[Start of section]

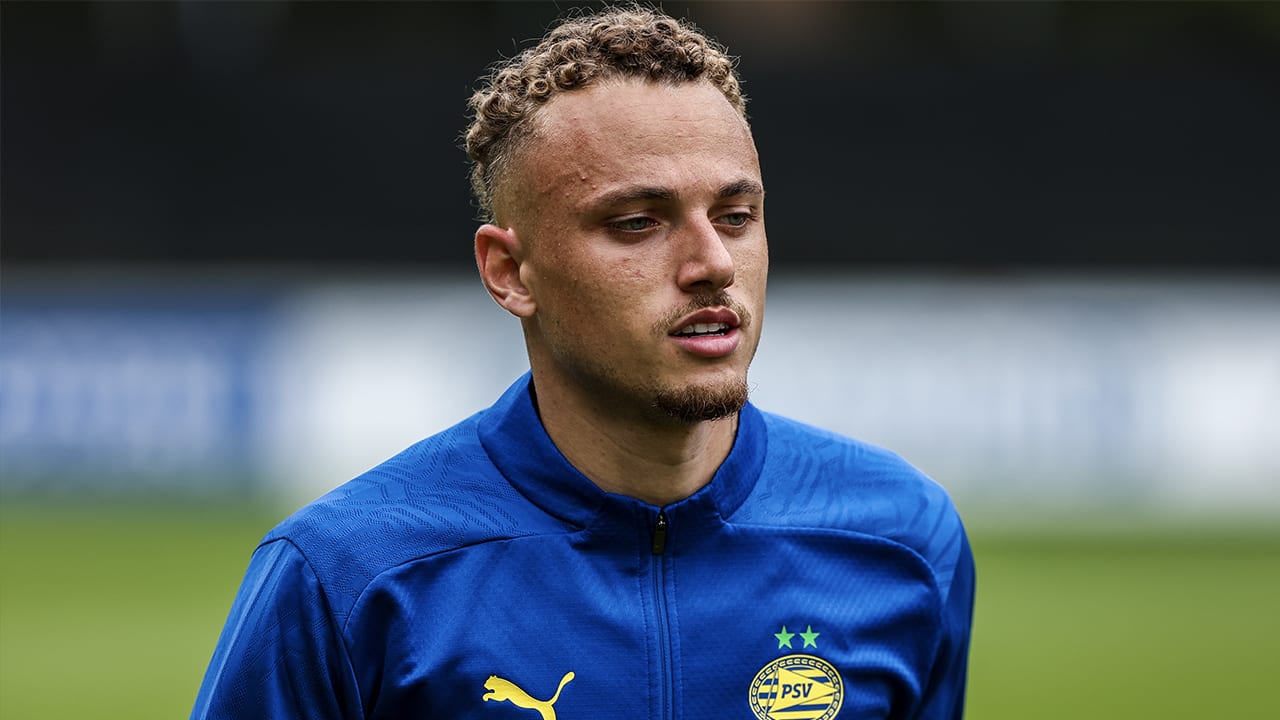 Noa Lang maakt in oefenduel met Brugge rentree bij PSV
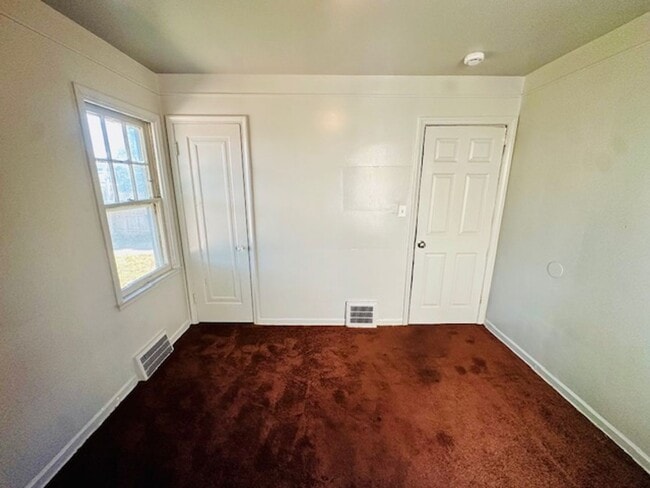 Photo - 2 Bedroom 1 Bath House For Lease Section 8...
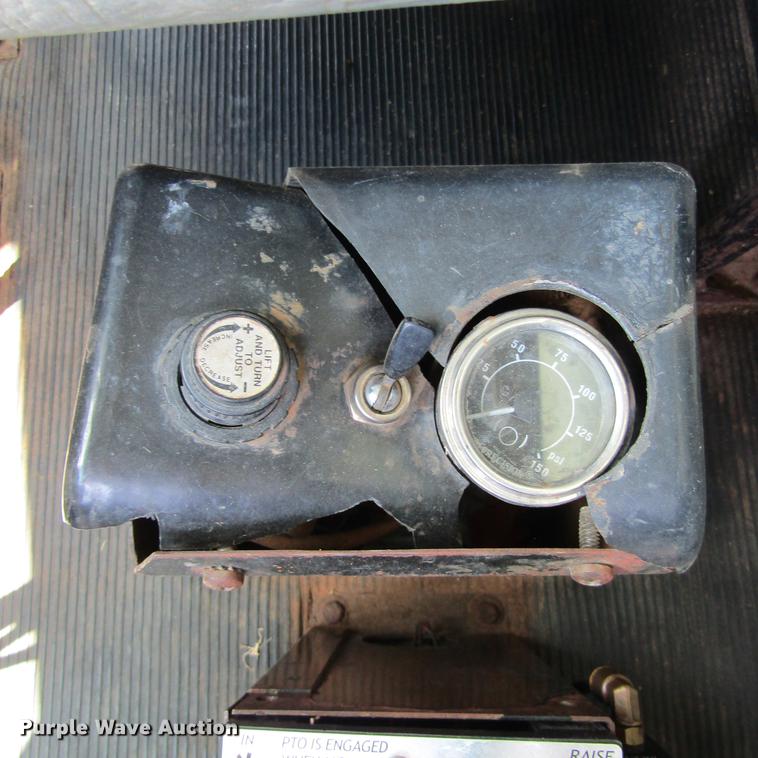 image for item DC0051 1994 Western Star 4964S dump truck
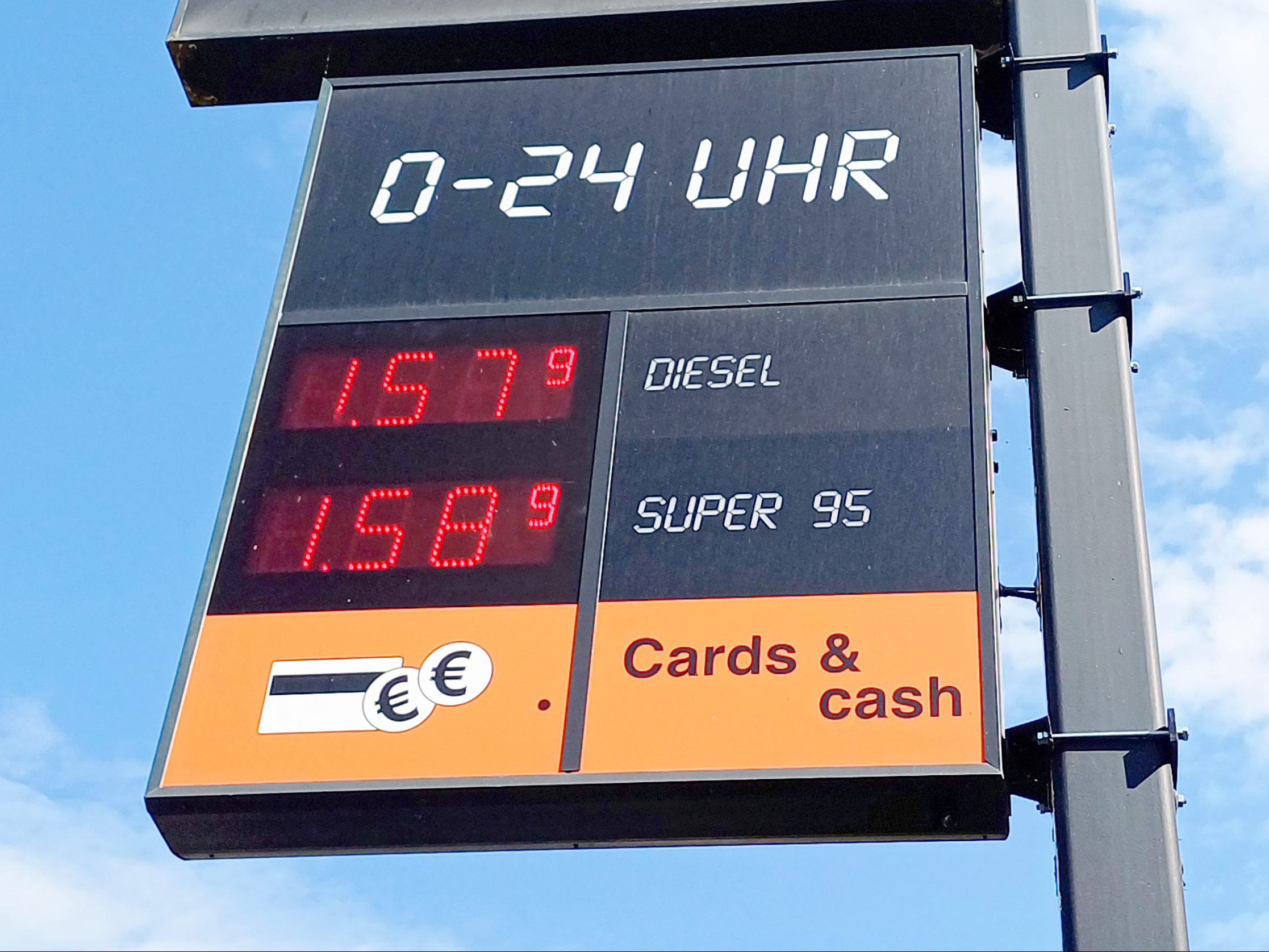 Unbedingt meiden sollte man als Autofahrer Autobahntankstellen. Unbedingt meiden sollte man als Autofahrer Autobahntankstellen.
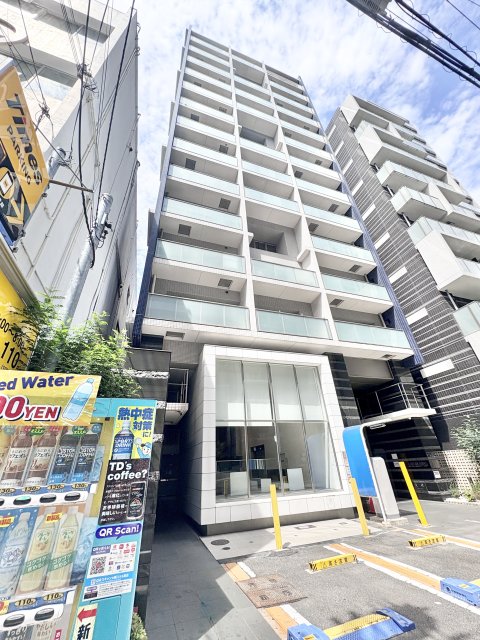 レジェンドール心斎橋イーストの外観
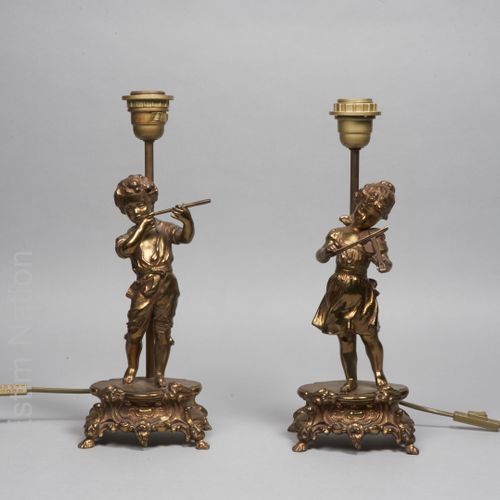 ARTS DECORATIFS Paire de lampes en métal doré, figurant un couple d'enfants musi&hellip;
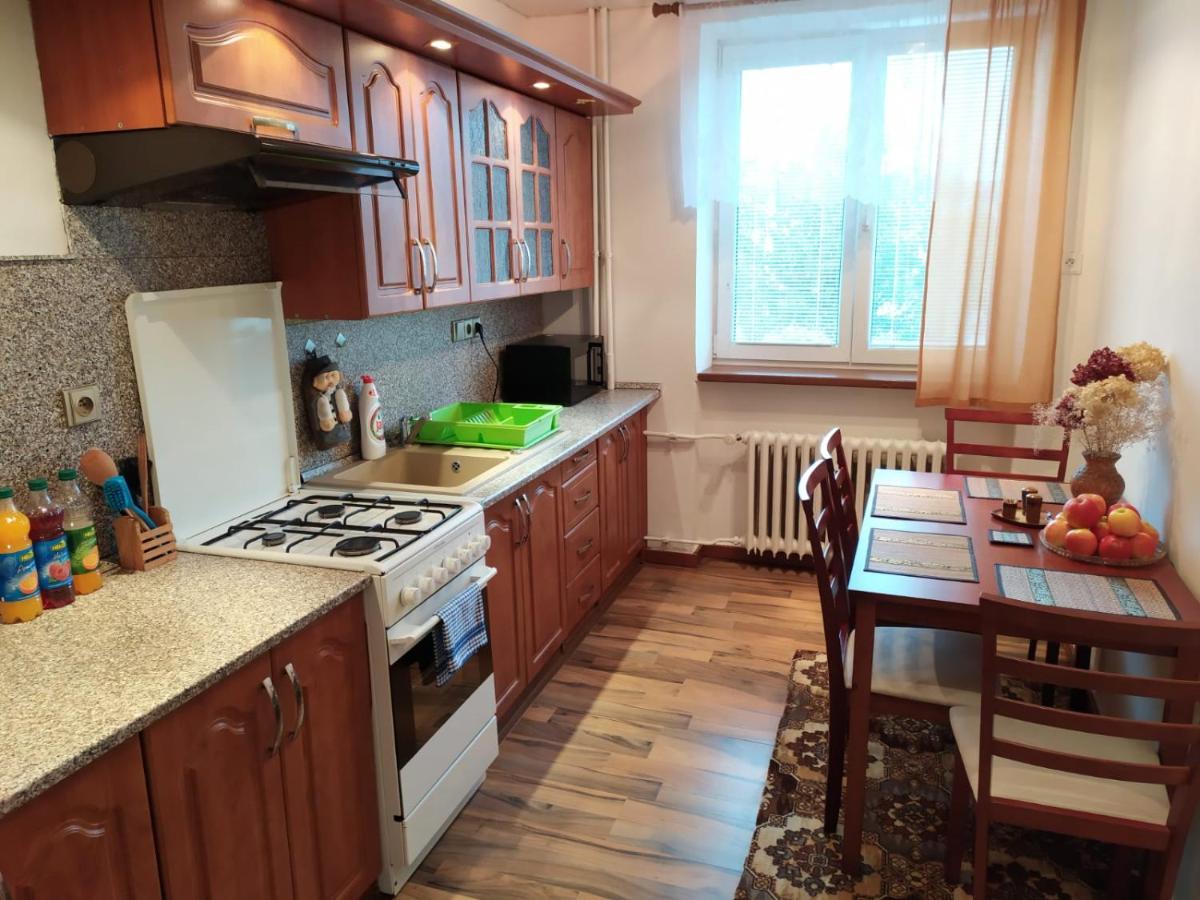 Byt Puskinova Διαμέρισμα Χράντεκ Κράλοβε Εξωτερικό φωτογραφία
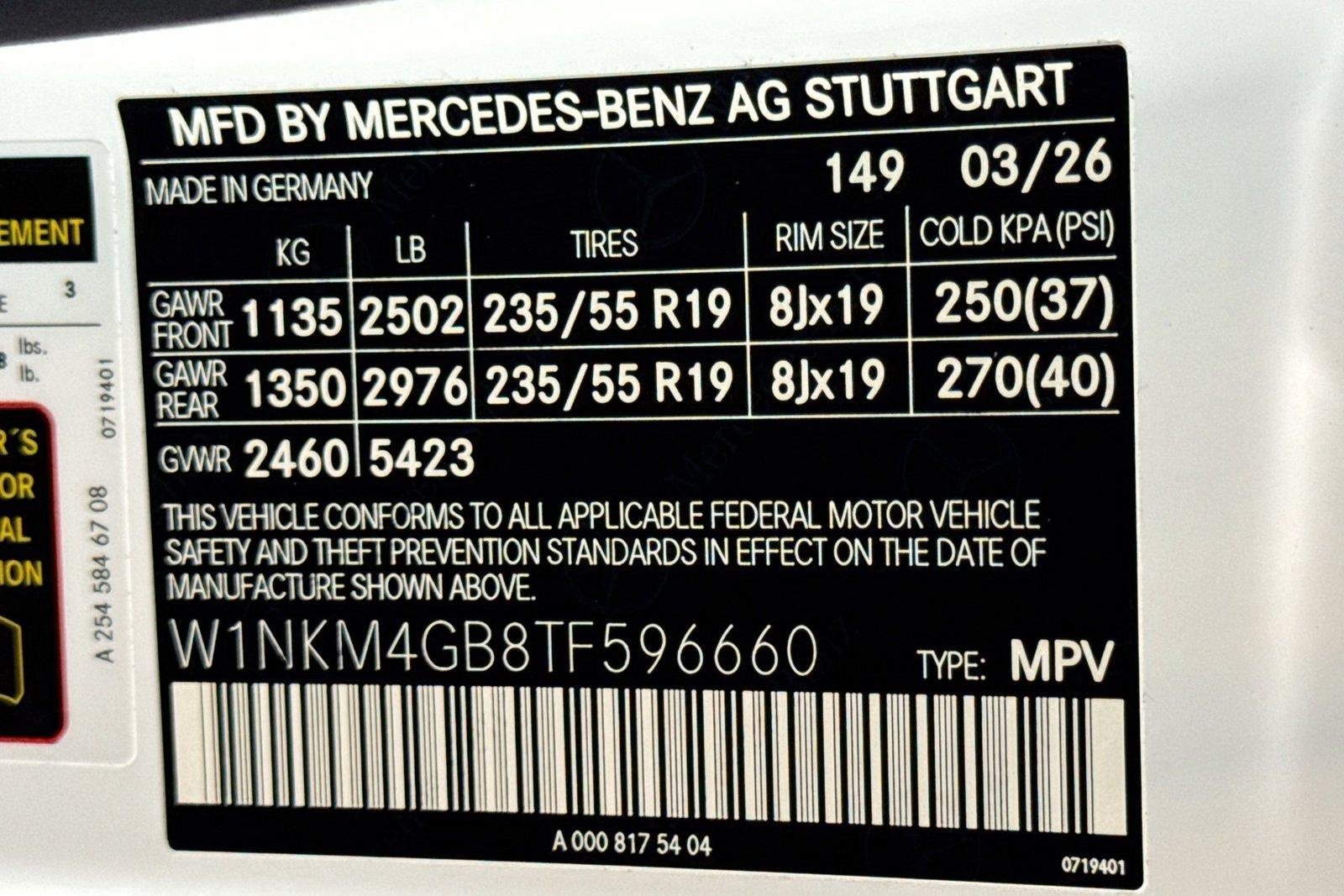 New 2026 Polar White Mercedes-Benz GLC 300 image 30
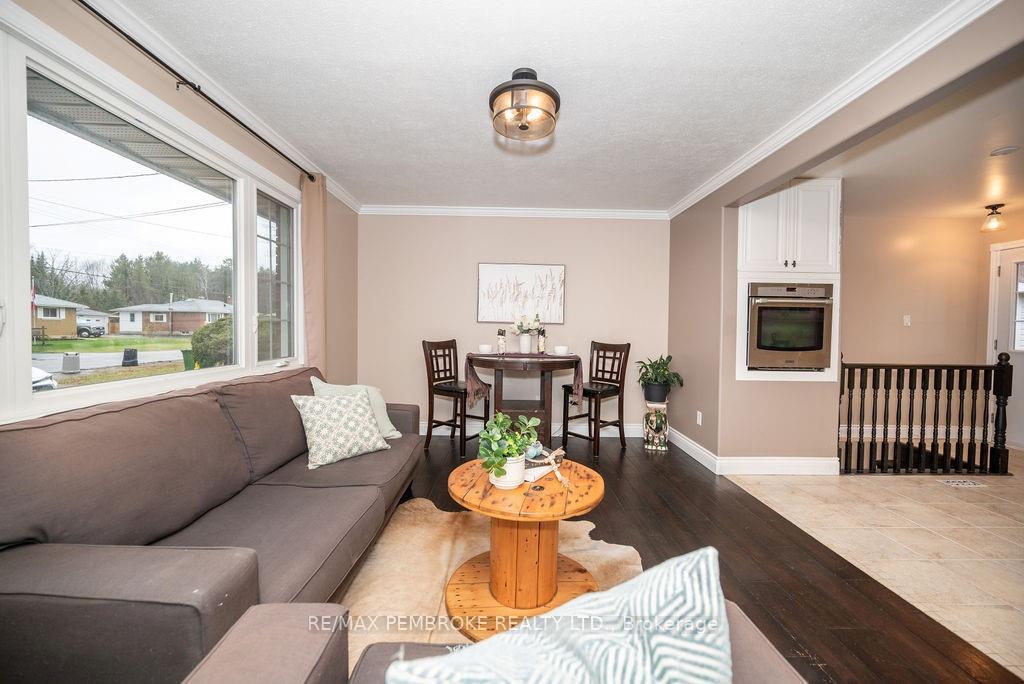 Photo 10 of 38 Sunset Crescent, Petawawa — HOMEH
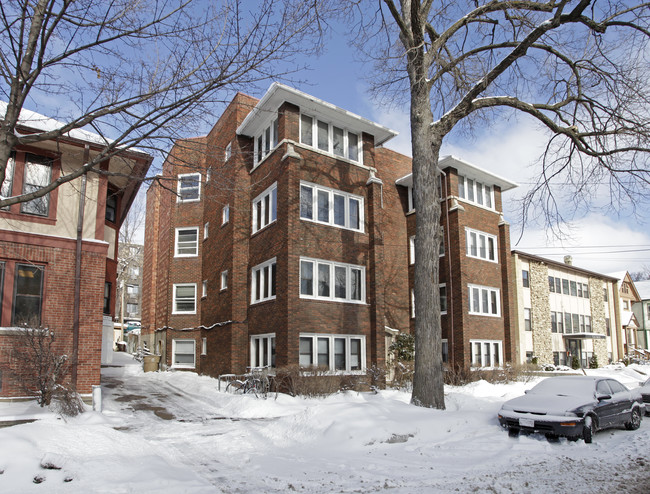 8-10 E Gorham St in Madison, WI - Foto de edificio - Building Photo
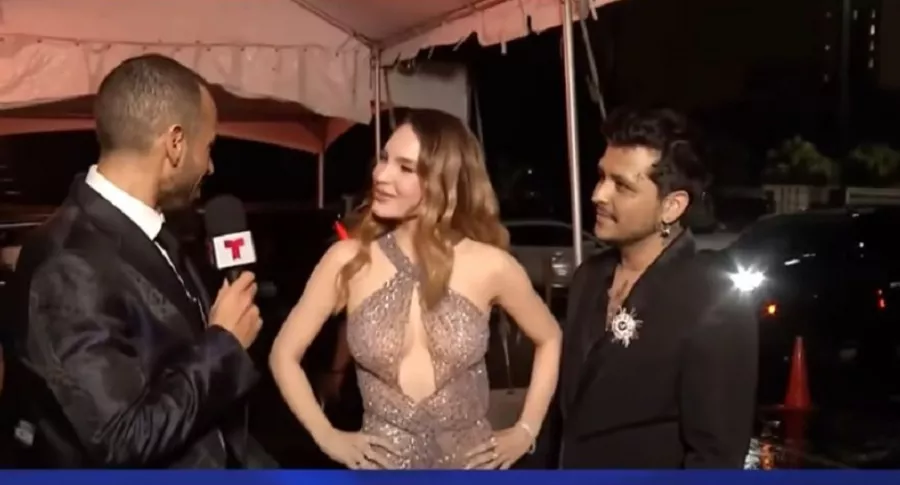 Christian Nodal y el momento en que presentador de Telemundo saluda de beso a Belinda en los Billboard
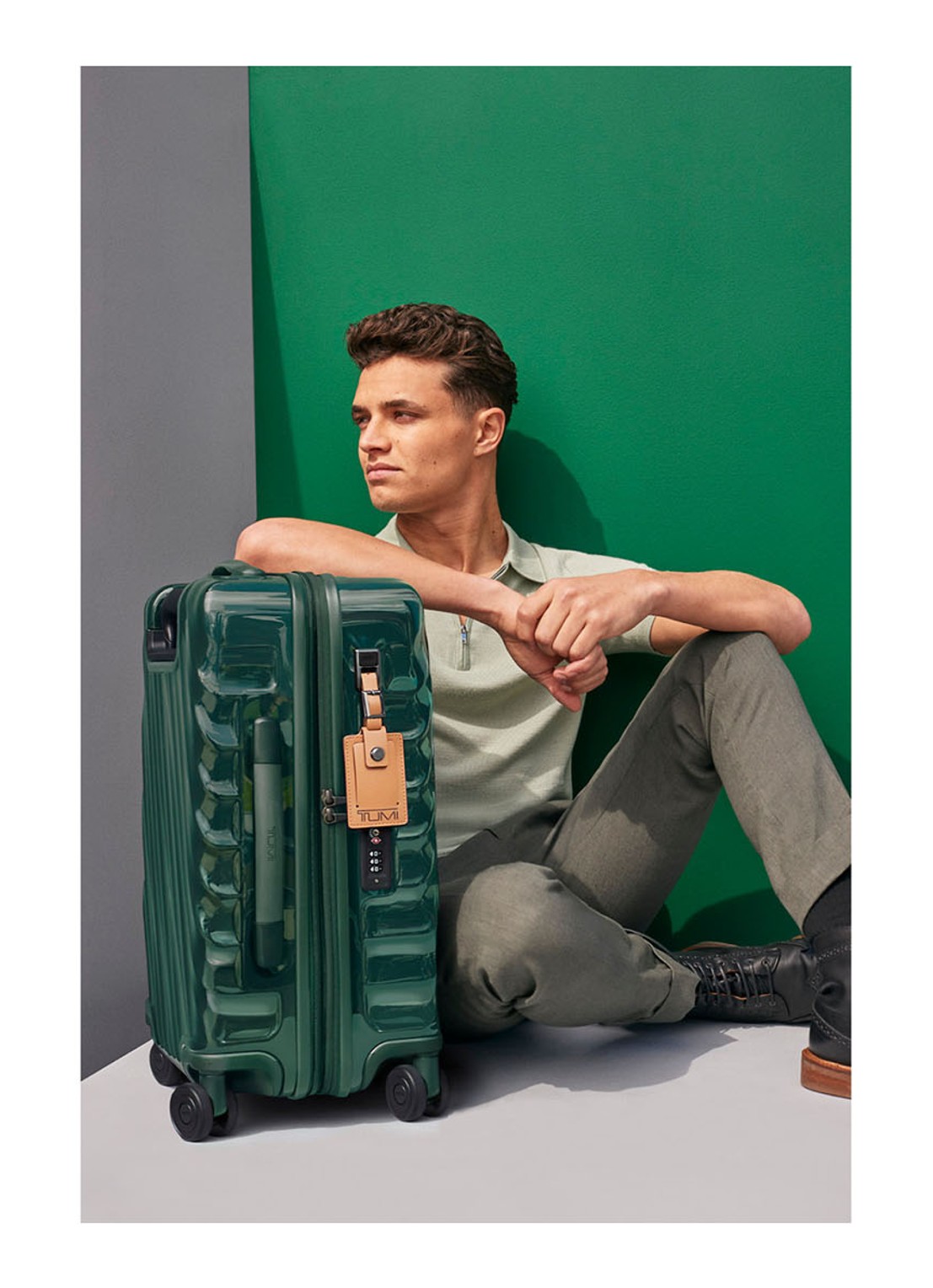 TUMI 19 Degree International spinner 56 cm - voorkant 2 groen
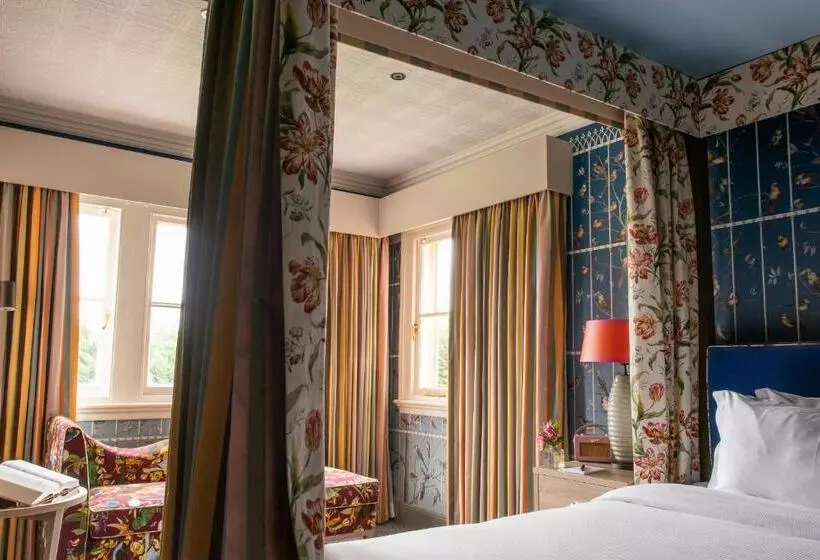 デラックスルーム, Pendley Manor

[End of section]

▶ Task item: Pictures aside, return exactly the lines from the data above, starting at the line that has "ARTS DECORATIFS Paire" and ending at the line that has "Christian Nodal y", both included.

▶ Output of the exercise:
 ARTS DECORATIFS Paire de lampes en métal doré, figurant un couple d'enfants musi&hellip;
 Byt Puskinova Διαμέρισμα Χράντεκ Κράλοβε Εξωτερικό φωτογραφία
 New 2026 Polar White Mercedes-Benz GLC 300 image 30
 Photo 10 of 38 Sunset Crescent, Petawawa — HOMEH
 8-10 E Gorham St in Madison, WI - Foto de edificio - Building Photo
 Christian Nodal y el momento en que presentador de Telemundo saluda de beso a Belinda en los Billboard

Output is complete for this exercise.